Housing starts per 100 new residents

Housing starts per 100 new residents- DR. BILL CONERLY BASED ON DATA FROM U.S. CENSUS BUREAU

This ratio shows we are in the ballpark of building just the right amount of new housing, single family homes plus apartment units. This is a low-fidelity measure, ignoring factors such as mobile homes shipments, demolitions, and houses abandoned in rural counties as people migrate to cities. Nonetheless, it gets us in the ballpark of whether we are grossly overbuilding or underbuilding.

Key to this chart is the slow population growth of recent years. The United States population growth last year was the lowest percentage increase since 1937. Many people in the lumber business think of 1.5 million housing starts as normal, but that was back when population growth was much faster.

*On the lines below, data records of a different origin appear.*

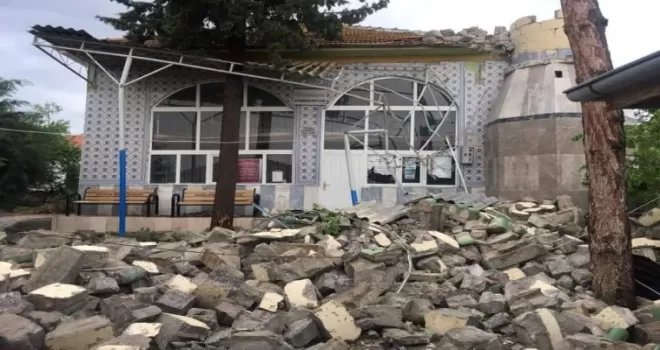 Ankara’da fırtına caminin minaresini yıktı
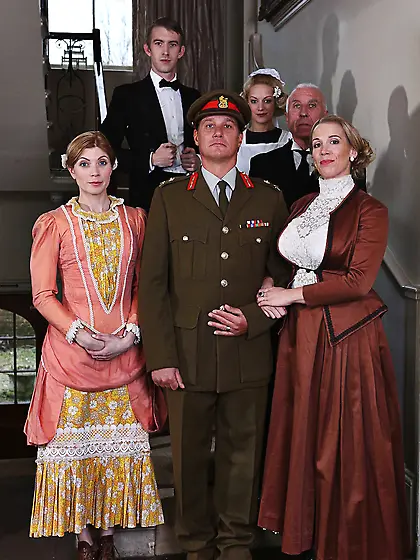 Horny MILF Rebecca More and maid Loulou enjoy sharing a long coc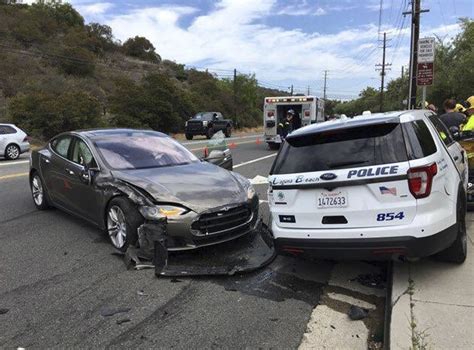 Lawsuit Alleges Tesla Aware That Its Vehicles Crash Into Emergency Vehicles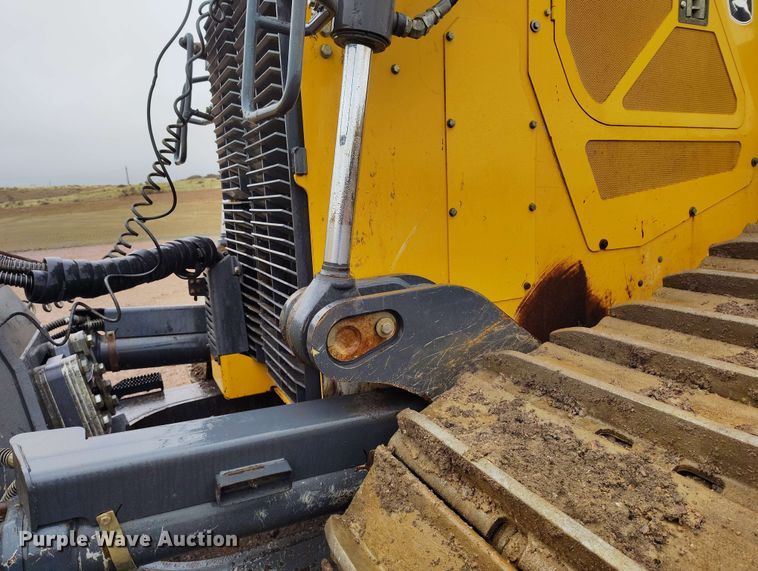 image for item EH0263 2017 John Deere 950K LGP dozer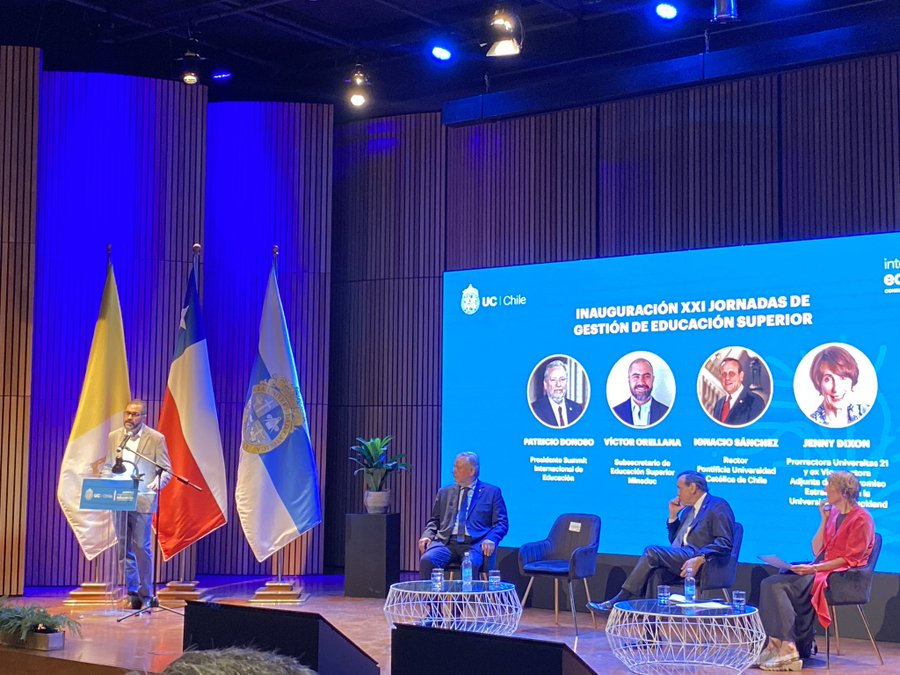 vrim_udec's tweet photo. La @udeconcepcion está presente en el @SummitEducacion organizado por @UCatolica. En la ocasión, la Vicerrectora #VRIMUdeC y presidenta de la Comisión #VcM del @CRUCH_cl, @xagauche, fue invitada con la ponencia "VcM en educación superior e innovaciones en docencia y aprendizaje". https://t.co/PG1Xsc5R5r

Today, 1.1 million is a normal year, and we built 1.2 million housing units in 2018, though with a downward trend in the second half.

U.S. Population Growth

U.S. Population GrowthDR. BILL CONERY BASED ON DATA FROM U.S. CENSUS BUREAU

The other benchmarks for current conditions that I watch are housing vacancy rates. They are running about normal for both owned (owner-occupied if not vacant) and rental properties. The quarterly data from the Census Bureau don’t align perfectly with other data sources, but they do indicate gross disparities from normal.